Ingredients:
- 1 large (or 2 small) shallots, finely minced
- 1/4 cup Red Wine Vinegar
- 1/4 cup Champagne or White Wine Vinegar
- 1 Tablespoon Black Peppercorns, freshly and coarsely cracked
- Pinch Fine Sea Salt (Optional)
Instructions:
- Peel the shallot(s) and mince them as finely and evenly as possible. The pieces should be almost paste-like, or at least no larger than a grain of rice. Place the minced shallots into your non-reactive mixing bowl.
- Crack the black peppercorns roughly using a mortar and pestle or a coarse pepper mill setting. You want flakes and varying textures, not a fine powder.
- Add the coarsely cracked pepper, the Red Wine Vinegar, and the Champagne/White Wine Vinegar to the bowl containing the shallots. Stir vigorously to combine everything fully.
- Taste the mixture.

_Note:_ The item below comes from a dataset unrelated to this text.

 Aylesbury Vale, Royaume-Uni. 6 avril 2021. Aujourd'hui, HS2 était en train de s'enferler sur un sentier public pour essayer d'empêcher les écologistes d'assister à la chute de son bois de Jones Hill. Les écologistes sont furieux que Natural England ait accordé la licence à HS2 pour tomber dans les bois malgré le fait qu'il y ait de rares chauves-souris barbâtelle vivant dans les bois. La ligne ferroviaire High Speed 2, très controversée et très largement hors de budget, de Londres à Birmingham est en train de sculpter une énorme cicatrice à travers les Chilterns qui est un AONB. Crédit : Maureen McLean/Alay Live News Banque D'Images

Add the pinch of sea salt, if using, and adjust the balance if necessary (optional small pinch of sugar to mellow strong acidity).
- Cover the bowl tightly with cling film and place it in the refrigerator. Allow it to chill for a minimum of 30 minutes, but ideally 1–2 hours. Chilling time allows the shallots to soften and the flavors to fully meld.
- Just before serving, give the Mignonette sauce one final stir. Serve immediately alongside freshly shucked, ice-cold oysters.